UNIT 01.02-001 Flashcards
Which of the following are exempt issuers under the 1933 Act?
A) City College Foundation
B) All-city Charitable Foundation
C) Monroe City State Bank
D) All of these
D) All of these
Explanation
All of these are examples of exempt issuers under Securities Act of 1933.
The cooling-off period is the time period BETWEEN when a _______ is filed with the Securities and Exchange Commission (SEC) and the _______ date.
the time period BETWEEN when a REGISTRATION is filed with the Securities and Exchange Commission (SEC) and the EFFECTIVE date.
The time between the registration filing date with the SEC and the effective date is known as the cooling-off period.
If a customer expressed interest in a revenue bond issued by the City of Junction, Utah, a representative would provide the customer with which of the following?
Official statement
The standard disclosure document in a municipal offering is called an official statement.
In corporate issues it is normally called a prospectus (preliminary or final).
For other exempt offerings the most common term is offering circular.
During the cooling-off period a registered representative may __________ before the EFFECTIVE date.
solicit indications of interest
A preliminary prospectus (red herring) cannot be distributed before the registration date.

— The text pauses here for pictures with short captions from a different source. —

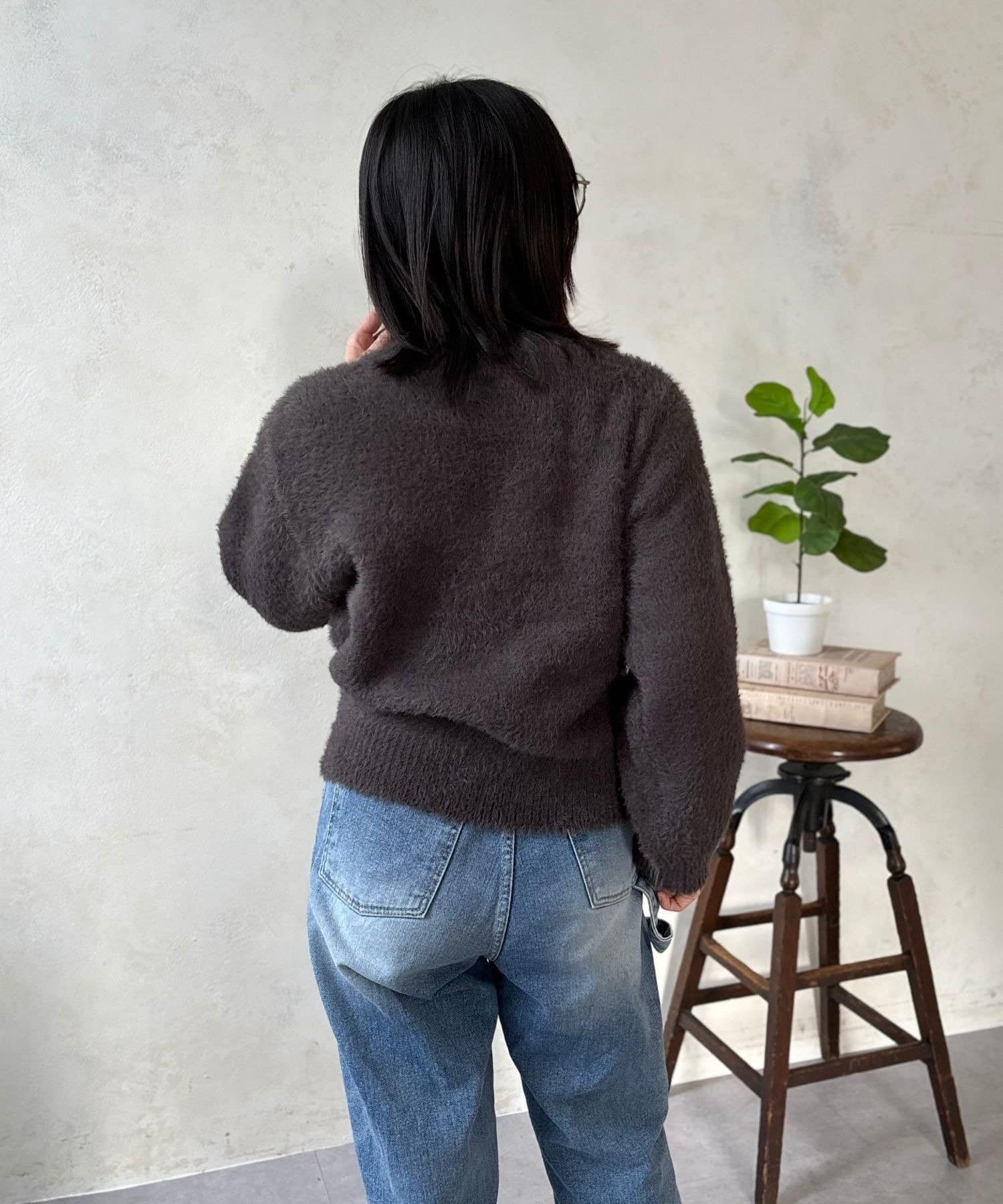 LOCUST(ローカスト) 【お手入れ簡単】フェザーヤーンレタリングニット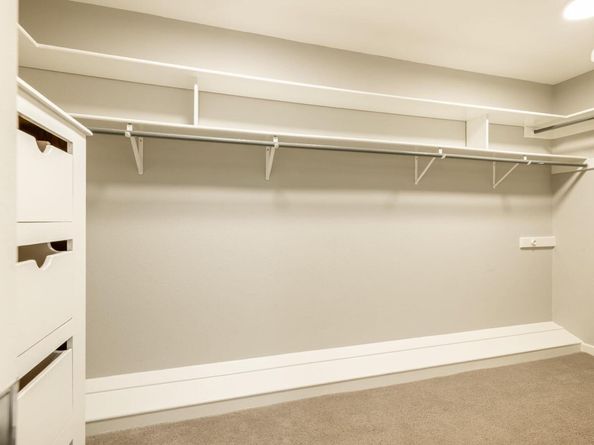 304 Palos Verdes DR, Lakeway TX 78734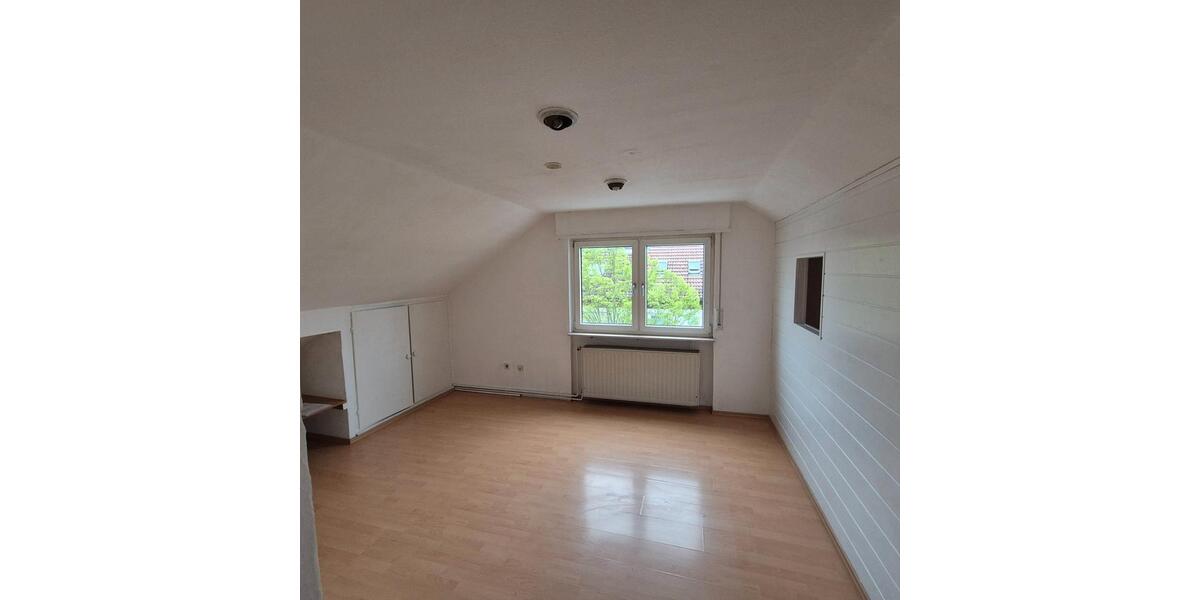 Dachgeschoßwohnung Ludwigshafen am Rhein Ludwigshafen-Oggersheim - 1 Zimmer, 29 m&sup2;, 285&euro; | Angebot:26099032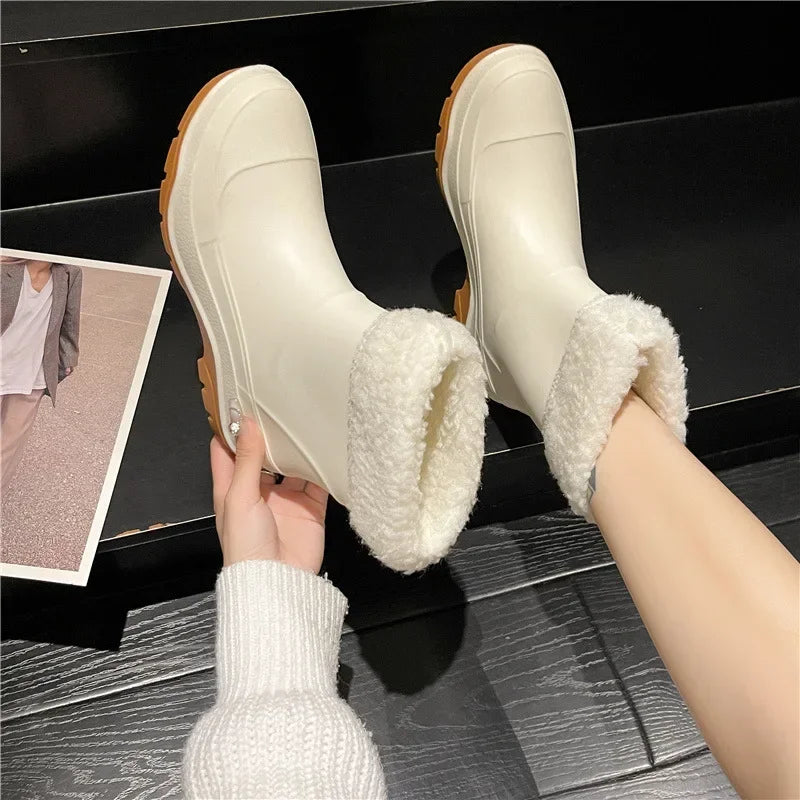 Fashion rain shoes women's winter cotton non-slip medium tube water boots short tube rain boots car wash kitchen rubber shoes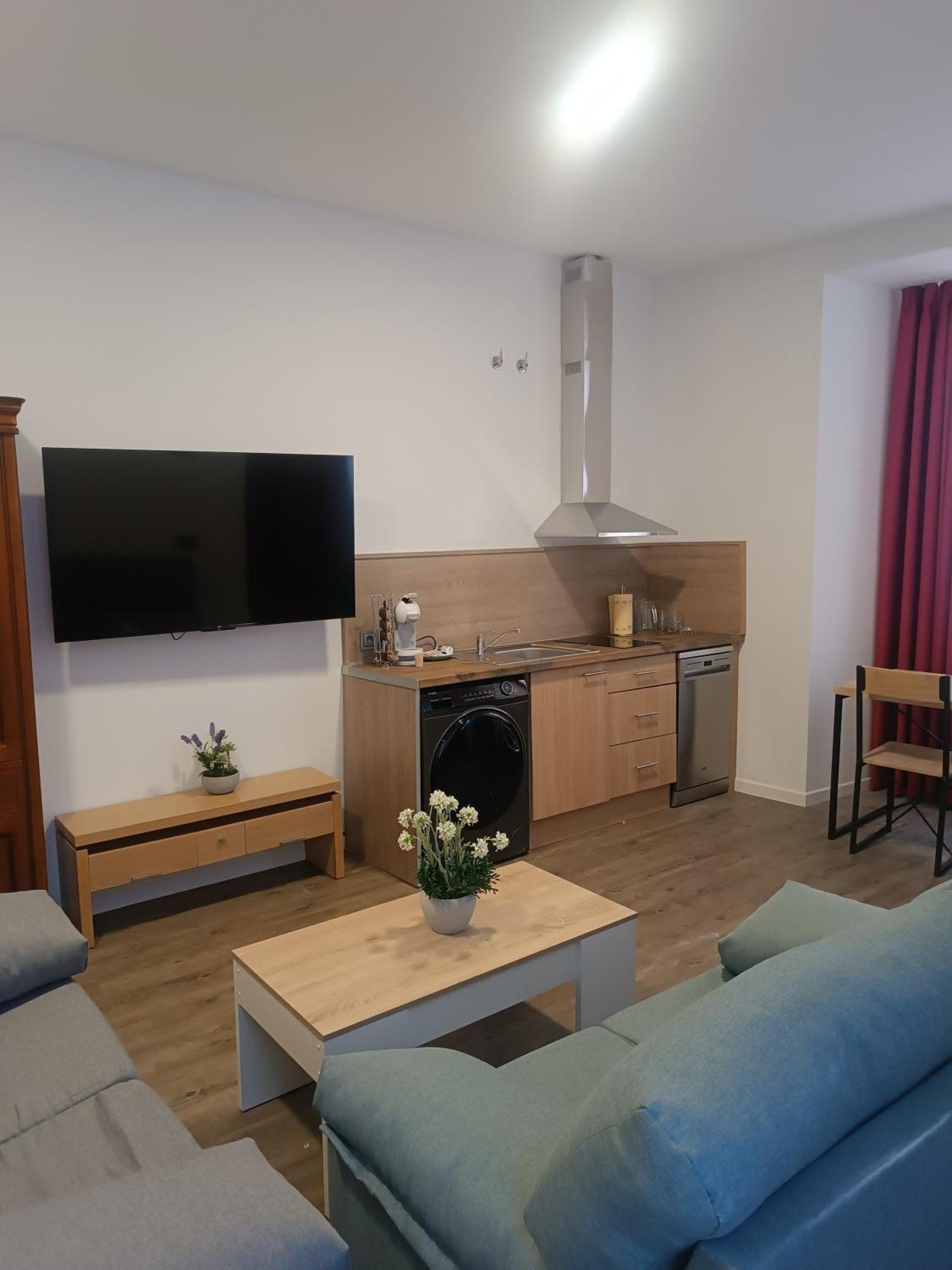 Apartamentosturisticos Puerta Del Alcazar 0-1 * Ávila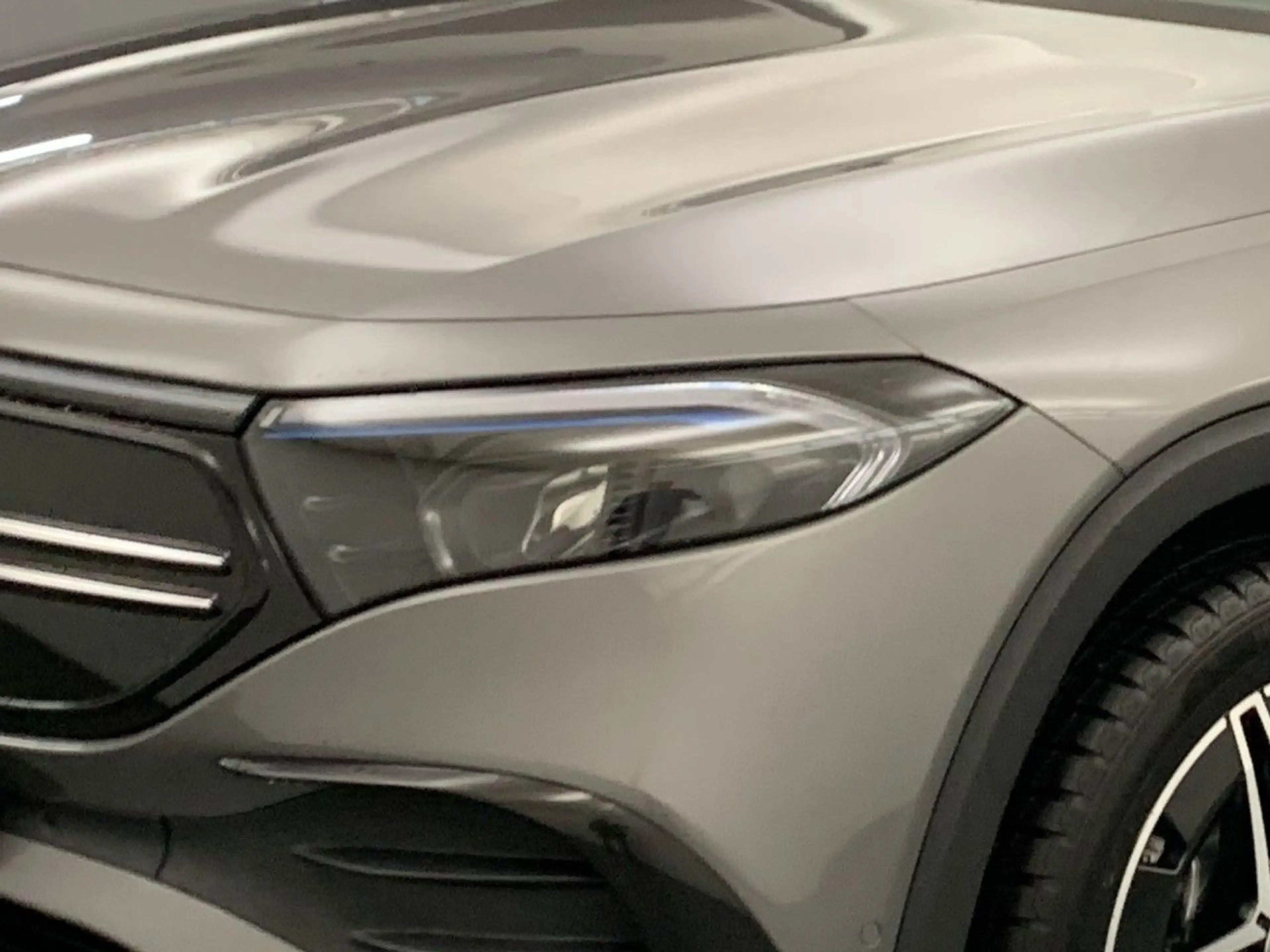 Mercedes-Benz EQB 350 4Matic — photo 7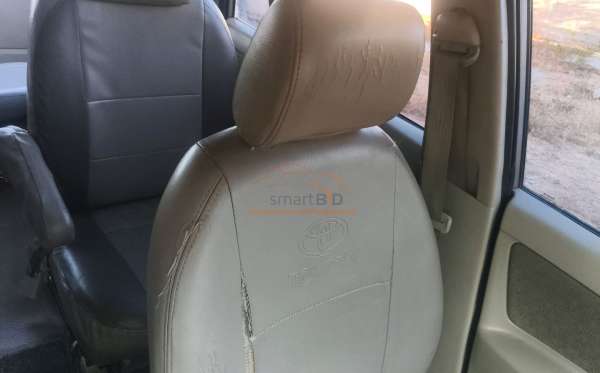 TOYOTA INNOVA
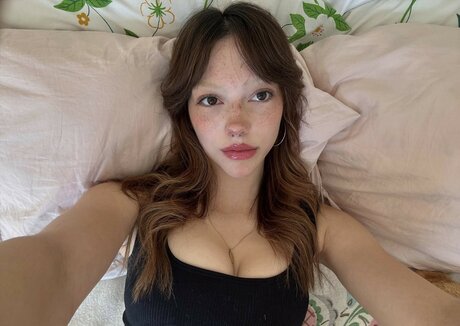 finseaa アート女優 写真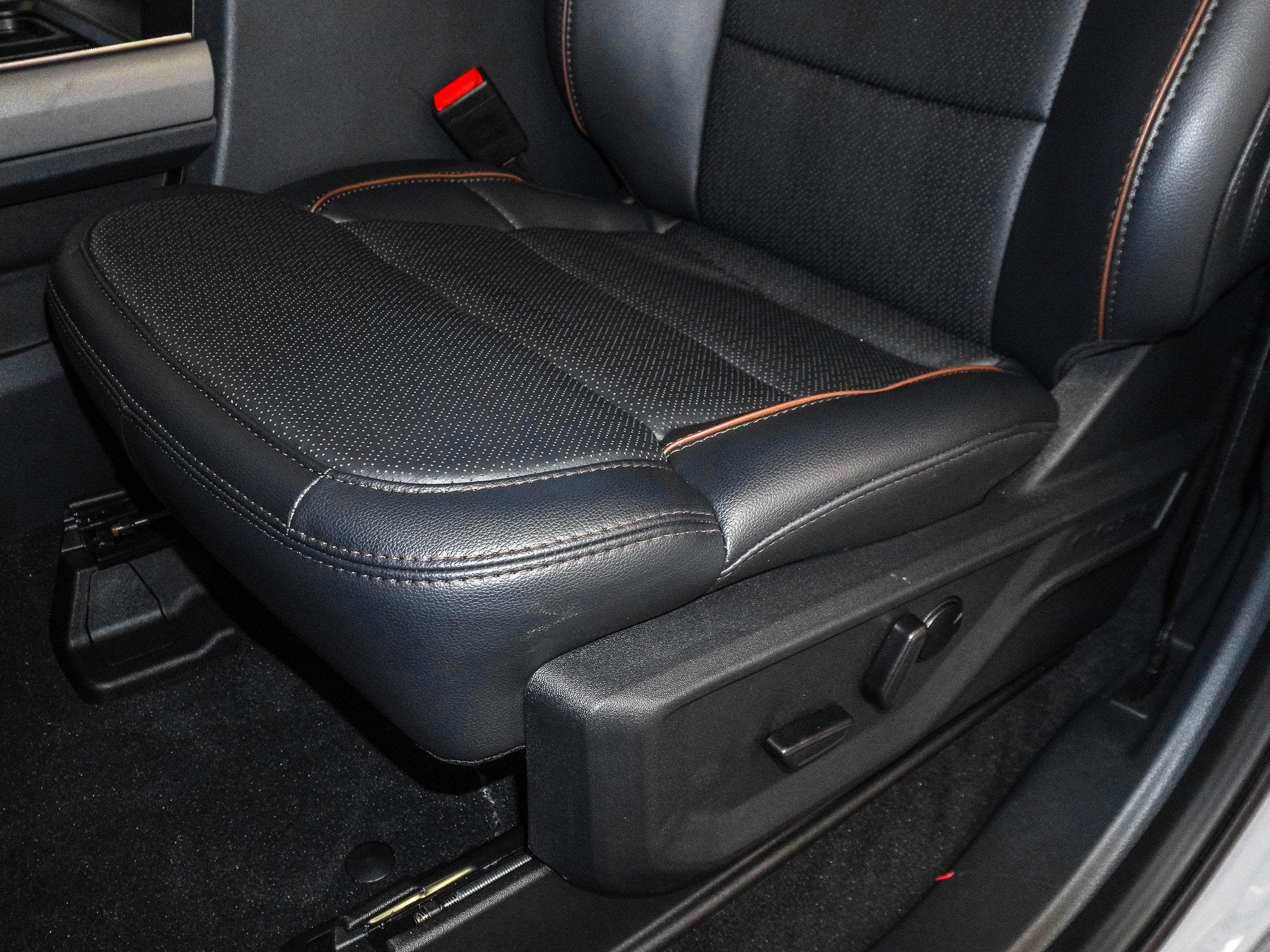 2025 Ford F-350SD Lariat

Between the registration and effective dates, it is used to solicit or gauge indications of interest. After the effective date, sales can be solicited and a final prospectus would be available and must be used.
Which of the following will not be found in a final prospectus?
Agreement among ___________
Agreement among underwriters
The final prospectus will include information that is material to investors in order for them to make an informed decision. The agreement among underwriters is a separate document that is between the members of the underwriting syndicate. Investors do not require knowledge of what is contained in this agreement. This information is a significant part of the SIE.
Which of the following will not be found in a final prospectus?
A) Date and offering price
B) Business plan
C) Statement that the SEC neither approves nor disapproves of the issue
D) Agreement among underwriters
D) Agreement among underwriters
The final prospectus will include information that is material to investors in order for them to make an informed decision. The agreement among underwriters is a separate document that is between the members of the underwriting syndicate. Investors do not require knowledge of what is contained in this agreement. This information is a significant part of the SIE.
Which of the following may occur during the cooling-off period?
Distribute a preliminary prospectus to the investing public.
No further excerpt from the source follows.